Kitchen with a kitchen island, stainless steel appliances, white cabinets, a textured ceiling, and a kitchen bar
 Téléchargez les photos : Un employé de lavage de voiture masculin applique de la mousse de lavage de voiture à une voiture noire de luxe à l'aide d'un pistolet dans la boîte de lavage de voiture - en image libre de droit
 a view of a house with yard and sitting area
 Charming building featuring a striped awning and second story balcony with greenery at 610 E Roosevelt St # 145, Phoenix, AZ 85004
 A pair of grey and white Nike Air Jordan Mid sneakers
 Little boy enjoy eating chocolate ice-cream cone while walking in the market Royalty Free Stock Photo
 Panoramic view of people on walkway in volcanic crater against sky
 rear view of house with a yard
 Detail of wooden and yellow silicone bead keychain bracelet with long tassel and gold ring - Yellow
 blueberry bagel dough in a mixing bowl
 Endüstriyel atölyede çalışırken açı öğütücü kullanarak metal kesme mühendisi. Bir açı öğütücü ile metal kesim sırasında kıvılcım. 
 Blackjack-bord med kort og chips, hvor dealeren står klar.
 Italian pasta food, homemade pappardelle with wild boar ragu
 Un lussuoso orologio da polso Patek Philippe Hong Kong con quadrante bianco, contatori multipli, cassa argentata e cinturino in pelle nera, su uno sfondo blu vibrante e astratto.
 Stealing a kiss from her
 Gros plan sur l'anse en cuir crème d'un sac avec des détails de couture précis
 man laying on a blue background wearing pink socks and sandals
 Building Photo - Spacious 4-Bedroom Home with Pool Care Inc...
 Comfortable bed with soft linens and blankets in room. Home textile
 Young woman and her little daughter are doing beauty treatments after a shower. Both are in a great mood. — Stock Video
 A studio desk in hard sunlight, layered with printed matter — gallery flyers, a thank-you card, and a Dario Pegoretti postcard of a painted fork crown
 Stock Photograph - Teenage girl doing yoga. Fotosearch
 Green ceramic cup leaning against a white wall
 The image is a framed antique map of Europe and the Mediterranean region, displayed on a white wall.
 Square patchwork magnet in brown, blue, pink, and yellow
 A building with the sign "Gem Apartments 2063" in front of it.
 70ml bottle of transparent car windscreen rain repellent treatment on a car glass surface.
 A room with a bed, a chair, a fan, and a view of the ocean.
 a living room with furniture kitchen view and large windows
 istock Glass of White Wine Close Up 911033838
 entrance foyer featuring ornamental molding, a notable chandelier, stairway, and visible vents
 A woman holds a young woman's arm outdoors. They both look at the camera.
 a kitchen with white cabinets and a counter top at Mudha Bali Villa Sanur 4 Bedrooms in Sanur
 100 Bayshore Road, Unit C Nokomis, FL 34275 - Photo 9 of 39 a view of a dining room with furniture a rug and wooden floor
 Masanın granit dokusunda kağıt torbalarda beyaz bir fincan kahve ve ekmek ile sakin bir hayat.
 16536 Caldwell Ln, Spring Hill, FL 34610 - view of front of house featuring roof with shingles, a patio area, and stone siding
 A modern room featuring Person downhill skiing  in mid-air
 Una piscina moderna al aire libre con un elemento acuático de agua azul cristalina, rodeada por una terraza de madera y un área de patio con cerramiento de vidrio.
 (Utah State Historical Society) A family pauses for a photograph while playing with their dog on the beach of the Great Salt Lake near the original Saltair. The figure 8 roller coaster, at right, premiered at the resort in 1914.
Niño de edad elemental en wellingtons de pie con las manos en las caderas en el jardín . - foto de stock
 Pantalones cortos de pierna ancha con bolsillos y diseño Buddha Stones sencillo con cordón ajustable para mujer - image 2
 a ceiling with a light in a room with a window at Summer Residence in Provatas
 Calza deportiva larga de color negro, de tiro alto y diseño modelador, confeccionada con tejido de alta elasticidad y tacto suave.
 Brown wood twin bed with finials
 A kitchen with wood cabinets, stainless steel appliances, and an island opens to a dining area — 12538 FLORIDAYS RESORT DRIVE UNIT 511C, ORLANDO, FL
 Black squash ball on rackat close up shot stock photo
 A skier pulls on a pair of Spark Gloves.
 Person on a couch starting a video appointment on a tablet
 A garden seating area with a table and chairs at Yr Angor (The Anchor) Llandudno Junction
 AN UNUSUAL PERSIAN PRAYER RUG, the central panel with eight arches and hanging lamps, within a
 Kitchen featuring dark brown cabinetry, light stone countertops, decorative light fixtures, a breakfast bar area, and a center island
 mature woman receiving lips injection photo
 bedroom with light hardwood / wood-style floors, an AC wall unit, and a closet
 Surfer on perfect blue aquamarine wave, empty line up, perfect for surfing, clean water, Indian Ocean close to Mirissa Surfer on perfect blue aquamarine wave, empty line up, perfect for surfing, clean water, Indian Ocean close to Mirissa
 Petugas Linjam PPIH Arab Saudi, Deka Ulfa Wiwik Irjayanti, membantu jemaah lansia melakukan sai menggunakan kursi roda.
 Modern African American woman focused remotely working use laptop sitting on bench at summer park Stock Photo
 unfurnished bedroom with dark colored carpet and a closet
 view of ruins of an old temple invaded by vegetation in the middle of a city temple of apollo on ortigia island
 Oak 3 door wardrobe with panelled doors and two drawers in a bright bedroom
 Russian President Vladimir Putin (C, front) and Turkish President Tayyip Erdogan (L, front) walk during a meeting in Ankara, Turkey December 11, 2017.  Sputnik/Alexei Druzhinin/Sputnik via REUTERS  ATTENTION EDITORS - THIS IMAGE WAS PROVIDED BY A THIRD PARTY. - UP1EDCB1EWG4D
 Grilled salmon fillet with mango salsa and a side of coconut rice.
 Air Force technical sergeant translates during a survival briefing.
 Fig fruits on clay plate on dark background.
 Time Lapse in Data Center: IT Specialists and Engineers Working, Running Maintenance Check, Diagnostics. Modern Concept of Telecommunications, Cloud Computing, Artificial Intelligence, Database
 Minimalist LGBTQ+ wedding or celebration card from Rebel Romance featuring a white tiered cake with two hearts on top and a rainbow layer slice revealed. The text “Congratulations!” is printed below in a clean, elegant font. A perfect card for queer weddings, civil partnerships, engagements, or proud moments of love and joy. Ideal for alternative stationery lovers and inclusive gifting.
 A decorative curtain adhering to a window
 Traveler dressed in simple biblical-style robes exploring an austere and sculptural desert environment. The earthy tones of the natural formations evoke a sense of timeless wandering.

________________

WHAT YOU SHOULD DO: Write out all the data exactly.

EXERCISE RESULT:
Kitchen with a kitchen island, stainless steel appliances, white cabinets, a textured ceiling, and a kitchen bar
 Téléchargez les photos : Un employé de lavage de voiture masculin applique de la mousse de lavage de voiture à une voiture noire de luxe à l'aide d'un pistolet dans la boîte de lavage de voiture - en image libre de droit
 a view of a house with yard and sitting area
 Charming building featuring a striped awning and second story balcony with greenery at 610 E Roosevelt St # 145, Phoenix, AZ 85004
 A pair of grey and white Nike Air Jordan Mid sneakers
 Little boy enjoy eating chocolate ice-cream cone while walking in the market Royalty Free Stock Photo
 Panoramic view of people on walkway in volcanic crater against sky
 rear view of house with a yard
 Detail of wooden and yellow silicone bead keychain bracelet with long tassel and gold ring - Yellow
 blueberry bagel dough in a mixing bowl
 Endüstriyel atölyede çalışırken açı öğütücü kullanarak metal kesme mühendisi. Bir açı öğütücü ile metal kesim sırasında kıvılcım. 
 Blackjack-bord med kort og chips, hvor dealeren står klar.
 Italian pasta food, homemade pappardelle with wild boar ragu
 Un lussuoso orologio da polso Patek Philippe Hong Kong con quadrante bianco, contatori multipli, cassa argentata e cinturino in pelle nera, su uno sfondo blu vibrante e astratto.
 Stealing a kiss from her
 Gros plan sur l'anse en cuir crème d'un sac avec des détails de couture précis
 man laying on a blue background wearing pink socks and sandals
 Building Photo - Spacious 4-Bedroom Home with Pool Care Inc...
 Comfortable bed with soft linens and blankets in room. Home textile
 Young woman and her little daughter are doing beauty treatments after a shower. Both are in a great mood. — Stock Video
 A studio desk in hard sunlight, layered with printed matter — gallery flyers, a thank-you card, and a Dario Pegoretti postcard of a painted fork crown
 Stock Photograph - Teenage girl doing yoga. Fotosearch
 Green ceramic cup leaning against a white wall
 The image is a framed antique map of Europe and the Mediterranean region, displayed on a white wall.
 Square patchwork magnet in brown, blue, pink, and yellow
 A building with the sign "Gem Apartments 2063" in front of it.
 70ml bottle of transparent car windscreen rain repellent treatment on a car glass surface.
 A room with a bed, a chair, a fan, and a view of the ocean.
 a living room with furniture kitchen view and large windows
 istock Glass of White Wine Close Up 911033838
 entrance foyer featuring ornamental molding, a notable chandelier, stairway, and visible vents
 A woman holds a young woman's arm outdoors. They both look at the camera.
 a kitchen with white cabinets and a counter top at Mudha Bali Villa Sanur 4 Bedrooms in Sanur
 100 Bayshore Road, Unit C Nokomis, FL 34275 - Photo 9 of 39 a view of a dining room with furniture a rug and wooden floor
 Masanın granit dokusunda kağıt torbalarda beyaz bir fincan kahve ve ekmek ile sakin bir hayat.
 16536 Caldwell Ln, Spring Hill, FL 34610 - view of front of house featuring roof with shingles, a patio area, and stone siding
 A modern room featuring Person downhill skiing  in mid-air
 Una piscina moderna al aire libre con un elemento acuático de agua azul cristalina, rodeada por una terraza de madera y un área de patio con cerramiento de vidrio.
 (Utah State Historical Society) A family pauses for a photograph while playing with their dog on the beach of the Great Salt Lake near the original Saltair. The figure 8 roller coaster, at right, premiered at the resort in 1914.
Niño de edad elemental en wellingtons de pie con las manos en las caderas en el jardín . - foto de stock
 Pantalones cortos de pierna ancha con bolsillos y diseño Buddha Stones sencillo con cordón ajustable para mujer - image 2
 a ceiling with a light in a room with a window at Summer Residence in Provatas
 Calza deportiva larga de color negro, de tiro alto y diseño modelador, confeccionada con tejido de alta elasticidad y tacto suave.
 Brown wood twin bed with finials
 A kitchen with wood cabinets, stainless steel appliances, and an island opens to a dining area — 12538 FLORIDAYS RESORT DRIVE UNIT 511C, ORLANDO, FL
 Black squash ball on rackat close up shot stock photo
 A skier pulls on a pair of Spark Gloves.
 Person on a couch starting a video appointment on a tablet
 A garden seating area with a table and chairs at Yr Angor (The Anchor) Llandudno Junction
 AN UNUSUAL PERSIAN PRAYER RUG, the central panel with eight arches and hanging lamps, within a
 Kitchen featuring dark brown cabinetry, light stone countertops, decorative light fixtures, a breakfast bar area, and a center island
 mature woman receiving lips injection photo
 bedroom with light hardwood / wood-style floors, an AC wall unit, and a closet
 Surfer on perfect blue aquamarine wave, empty line up, perfect for surfing, clean water, Indian Ocean close to Mirissa Surfer on perfect blue aquamarine wave, empty line up, perfect for surfing, clean water, Indian Ocean close to Mirissa
 Petugas Linjam PPIH Arab Saudi, Deka Ulfa Wiwik Irjayanti, membantu jemaah lansia melakukan sai menggunakan kursi roda.
 Modern African American woman focused remotely working use laptop sitting on bench at summer park Stock Photo
 unfurnished bedroom with dark colored carpet and a closet
 view of ruins of an old temple invaded by vegetation in the middle of a city temple of apollo on ortigia island
 Oak 3 door wardrobe with panelled doors and two drawers in a bright bedroom
 Russian President Vladimir Putin (C, front) and Turkish President Tayyip Erdogan (L, front) walk during a meeting in Ankara, Turkey December 11, 2017.  Sputnik/Alexei Druzhinin/Sputnik via REUTERS  ATTENTION EDITORS - THIS IMAGE WAS PROVIDED BY A THIRD PARTY. - UP1EDCB1EWG4D
 Grilled salmon fillet with mango salsa and a side of coconut rice.
 Air Force technical sergeant translates during a survival briefing.
 Fig fruits on clay plate on dark background.
 Time Lapse in Data Center: IT Specialists and Engineers Working, Running Maintenance Check, Diagnostics. Modern Concept of Telecommunications, Cloud Computing, Artificial Intelligence, Database
 Minimalist LGBTQ+ wedding or celebration card from Rebel Romance featuring a white tiered cake with two hearts on top and a rainbow layer slice revealed. The text “Congratulations!” is printed below in a clean, elegant font. A perfect card for queer weddings, civil partnerships, engagements, or proud moments of love and joy. Ideal for alternative stationery lovers and inclusive gifting.
 A decorative curtain adhering to a window
 Traveler dressed in simple biblical-style robes exploring an austere and sculptural desert environment. The earthy tones of the natural formations evoke a sense of timeless wandering.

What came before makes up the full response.